## [The input]
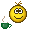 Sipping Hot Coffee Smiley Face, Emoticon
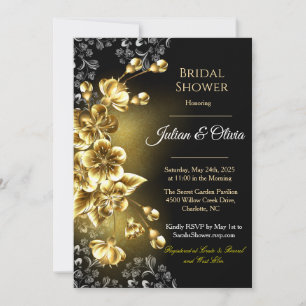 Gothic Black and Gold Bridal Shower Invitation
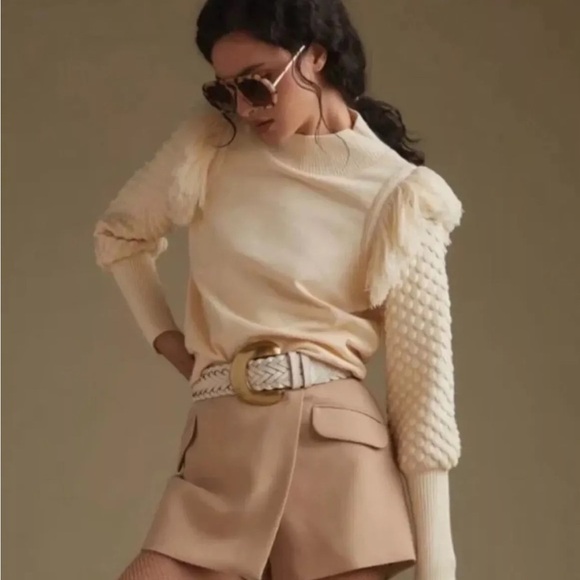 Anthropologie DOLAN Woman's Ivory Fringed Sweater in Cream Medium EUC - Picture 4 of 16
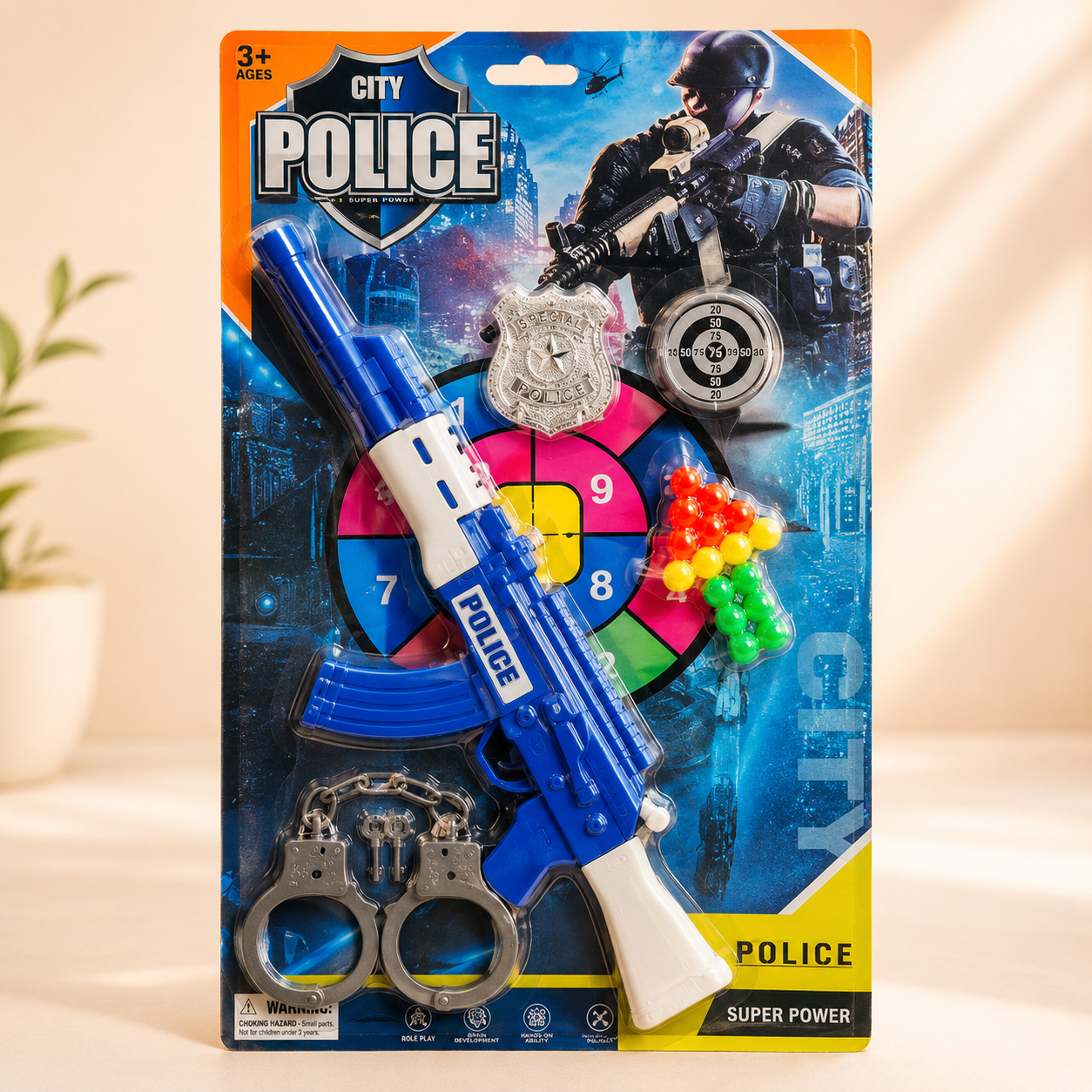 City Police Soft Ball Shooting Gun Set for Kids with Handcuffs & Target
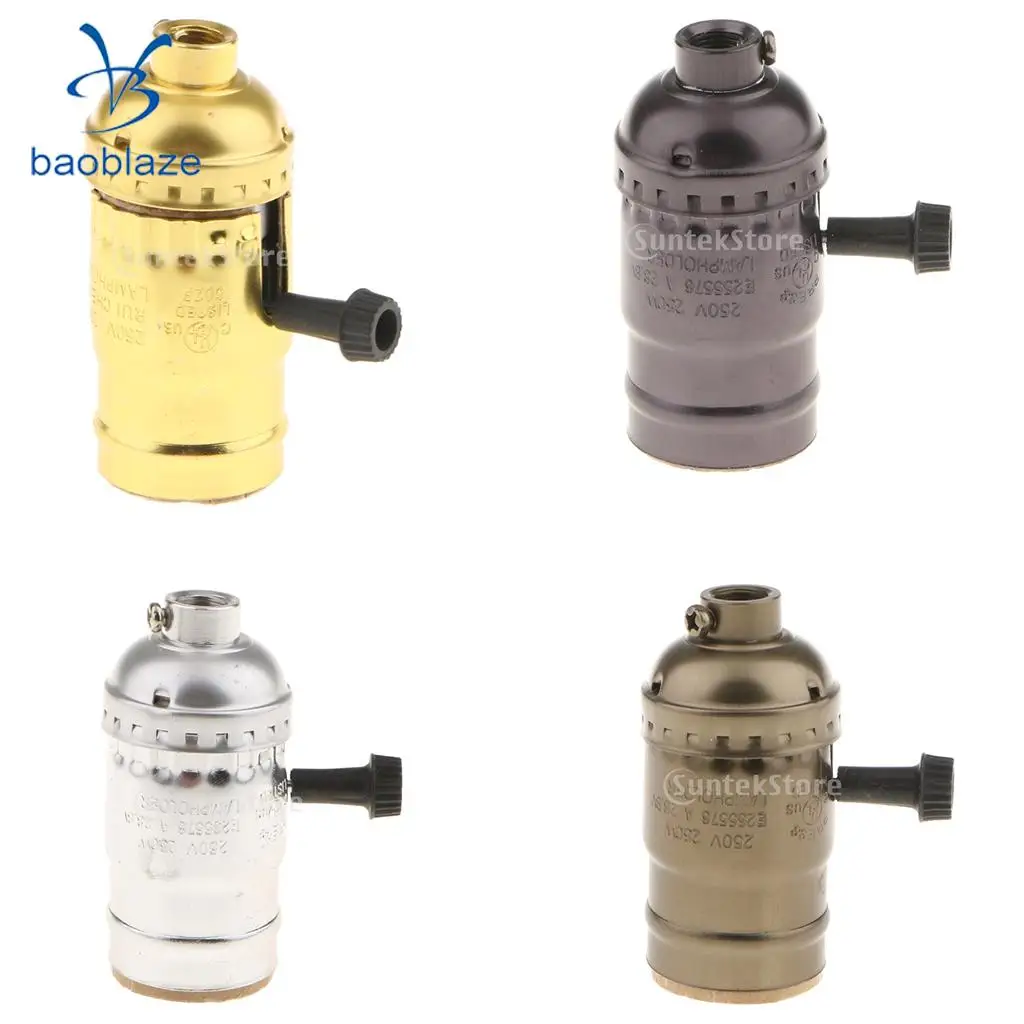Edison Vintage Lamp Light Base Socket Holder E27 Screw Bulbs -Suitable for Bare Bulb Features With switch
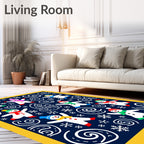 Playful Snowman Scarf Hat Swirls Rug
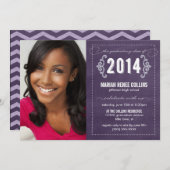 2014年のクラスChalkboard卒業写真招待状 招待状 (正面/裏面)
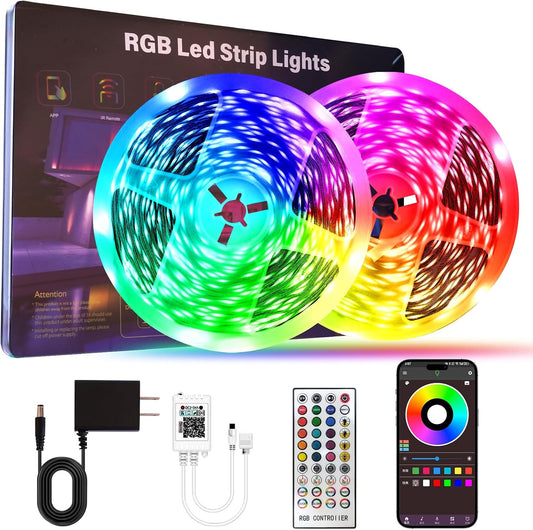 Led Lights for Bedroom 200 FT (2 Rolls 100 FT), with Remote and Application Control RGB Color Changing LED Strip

---

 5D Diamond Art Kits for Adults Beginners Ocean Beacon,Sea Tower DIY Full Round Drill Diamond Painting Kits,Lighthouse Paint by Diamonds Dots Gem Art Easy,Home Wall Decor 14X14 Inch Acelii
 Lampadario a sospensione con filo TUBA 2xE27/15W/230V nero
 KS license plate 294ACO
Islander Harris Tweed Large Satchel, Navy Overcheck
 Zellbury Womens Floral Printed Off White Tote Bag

==

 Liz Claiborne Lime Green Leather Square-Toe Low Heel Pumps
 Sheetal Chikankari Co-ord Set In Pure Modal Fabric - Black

## [What the task requires]
Would you print exactly and only the lines of the material above that run from the line with "Liz Claiborne Lime" through the line with "Sheetal Chikankari Co-ord", both included?

## [Result for this task]
 Liz Claiborne Lime Green Leather Square-Toe Low Heel Pumps
 Sheetal Chikankari Co-ord Set In Pure Modal Fabric - Black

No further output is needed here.